A couple others make it up to our group. Uh oh, the group is getting too big. After about seven or eight in a crit, the break loses it's cohesion and begins to fight like like an extended appalachian family (but without the shotguns). I stop riding at the front (not wanting to be some sort of sap) and notice Bubba Melcher had just bridged up to us. This must have lit a grenade in what was left of the field as many guys were coming back up on us. However the pace was high and everyone was getting pretty fagged. My back didn't say a word as I went with a couple of attacks. As we got into the final five laps the fog of war descended upon the race as it was not playing out into a default script, and difficult to read how to play the end game. As the wind picked up it was mayhem, with riders coming unhinged, riders attacking, guys off the front blowing up in spectacular fashion and so on. On the last lap it was that sort of disarray that saw me jump past a fading group that was once leading, finding big Bubba's wheel and slotting in behind while he made his predictable move with about 700 meters to go, but then unpredictably blew skyward with 400 meters to go, leaving me with a whole snootful of wind between me and the finish line. I jumped around him, not knowing who was behind me, just wanted to catch a few guys just ahead me who were fading. I did that, but lacked the strength in this kilo-like effort to get out of the saddle at all and just tried to pursuit in. Turns out I had two guys on my wheel who managed to come around me and take 6th and 7th right at the line (ungrateful bastards). So I had a very strong ride I felt, received the grudging respect of my peers but came away with only 8th. That and four bucks and you can order a frappucino at any Starbucks (as they say). 161 avg HR, 26.7 miles, & substantially windier.
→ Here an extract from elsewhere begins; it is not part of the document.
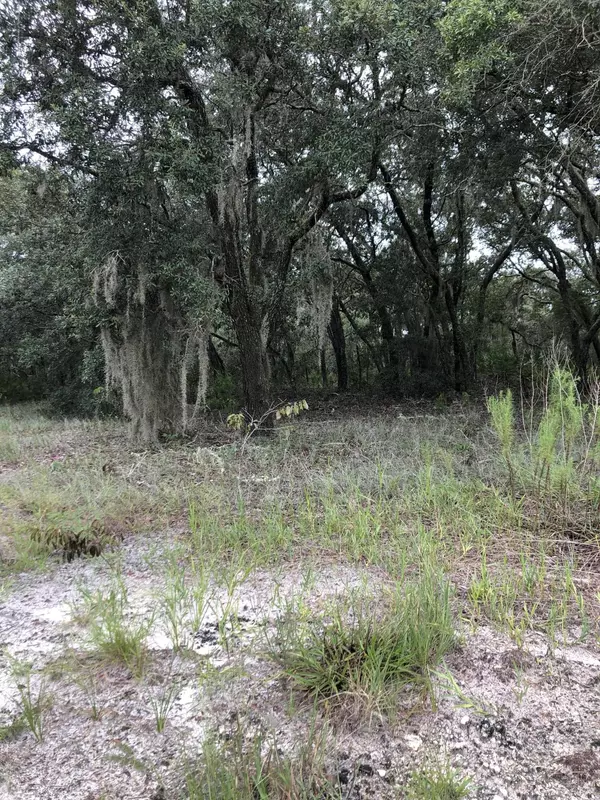 Spring Hill(pasco), FL 34610,0 Saddleback Trail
After that there wasn't much left in the tank at all. Changed, rolled over to the mexican BBQ place down the block, came back with some tacos and a giant Tecate and had a good time watching the P123 race with 120 riders crush the same course, won by that Cal Giant US Criterium Champ whose name escapes me at this moment.
Other notes: Our local Junior racer and Analy High student and Elevengear sponsored rider, Caitlin Scheder-Bischein, crushed all in the sprint in the women's 3-4 race!
Also: I noticed that every local team had great participation in either the racing or spectating ... except Team Rev. What gives? I know we've been having a lot of "stratgy sessions" lately, so maybe this is part of the team strategy? I gotta say it would have been nice to have seen some other teammates there, or even the racing curious. The Pro 1-2-3 race especially was an extremely fun, extremely cheap way to see an elite-level sporting event.